Right now, the Square isn't exactly ghosttown USA. In fact, any football game at Harvard stadium on your basic autumnal Saturday brings people in from all over. The businessmen thrive on the crowds who cram into the various muffin/coffee shops, shoe stores, chic boutiques and bookstores. Although the next five years will be painful, the merchants also are looking forward to the Square's new facade.

When it's all over, the sidewalks in both the Brattle Square area and on Massachusetts Avenue will be expanded to almost twice their normal size--providing more room for the street musicians as well as pedestrians. The plan is to push all the traffic lanes into the center, thus widening out space along the street In addition. changes will be noted at the regular kiosk stop. The architects, Skidmore, Owings and Merrill, have come up with a snazzy-looking station that overall resembles the fifth floor of Macy's on a slow day. The old entrance at the kiosk will be completely converted into a newsstand, and the new entrances will be at the Square, Church Street. Facilities will include a special elevator for the handicapped at all station stops.

The majority of the construction work in Harvard Square will take place underground, and two traffic lanes will remain in use the whole time. The tunneling work will go above ground only at one point--at the intersection of Mass Ave and Garden Street. The tunneling will begin sometime in March, Supratik Bose, chairman of the Harvard committee which is working with the MBTA, says.

The kiosk will not be its own familiar site in the Square during the construction period. In stead, passengers will stop in front of the Yen Ching chinese restaurant on Mass Ave, and descend into the subway in front of Holyoke Center. Another stop at the Kennedy School of Government will also include buses, and word has it that the new occupants of this building are not exactly looking forward to the location of the temporary stop.

The bulk of the Red Line project will be funded by the MBTA, supplemented by the Urban Mass Transit Association. Final costs for the project are expected to be in the millions, although no final figure has been estimated yet.

And, by the end of 1978, it is expected that the Red Line will be able to carry passengers from Harvard Square, to Porter Square, up past the city dump, to the aforementioned Alewife.

As the tunnel heads north under Mass Ave, it will gradually slope from its Harvard Square depth of 20 feet below street level to more than 100 feet below Porter Square, passing through bedrock much of the way.

Then it will rise gradually to a 50-foot depth at Davis, and continue upward to 20 feet at Alewife.
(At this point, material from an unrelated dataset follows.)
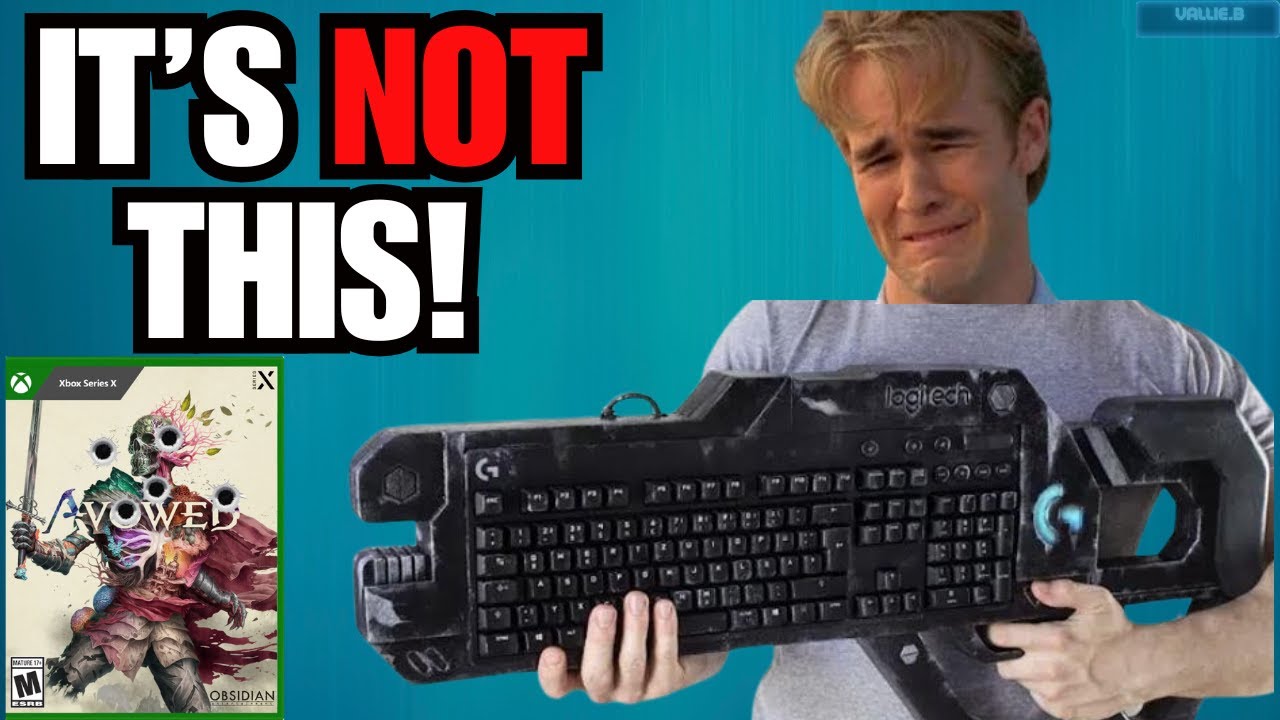 Best way to AVOID Modern Gaming Problems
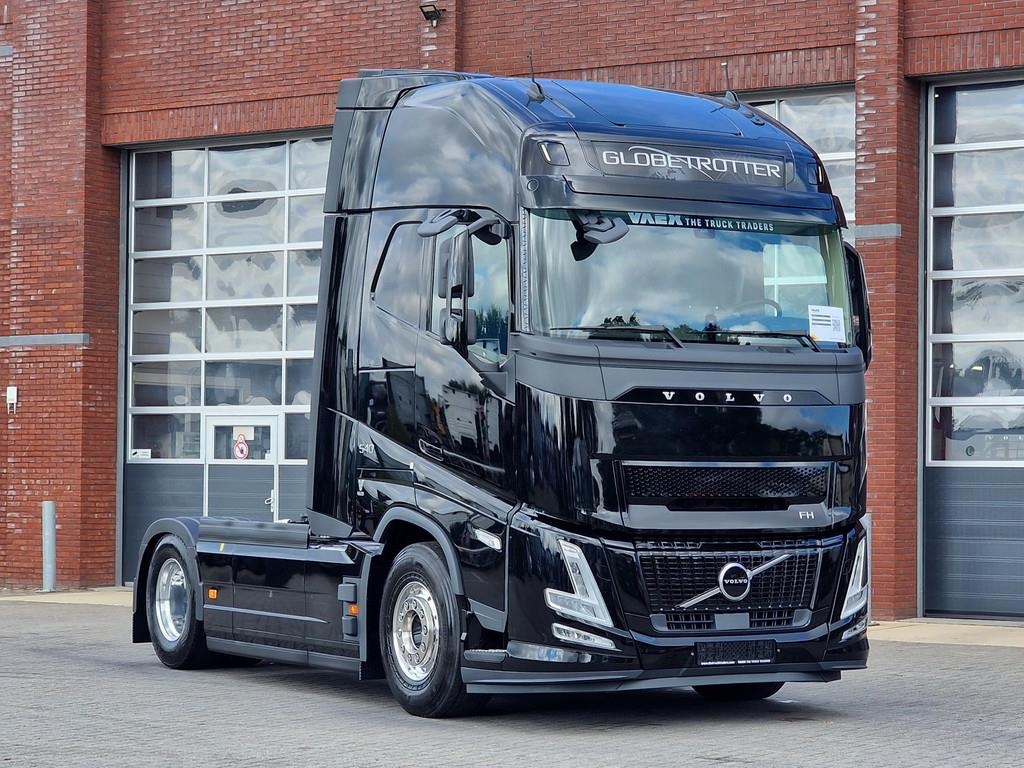 Volvo FH 13.540 Aero Globetrotter XL 4x2 - New - Full sp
Much of the excavation will be what is known in the trade as a "bored tunnel"--the digging proceeds entirely underground, with access through several shafts along the way. Toward Alewife, construction will be of the "cut-and-cover" variety, although the trench may be temporarily covered to permit street traffic to pass unhindered.

This cover, called "decking," may be of timber, metal or concrete. After construction is complete, it is removed and replaced with a permanent surface.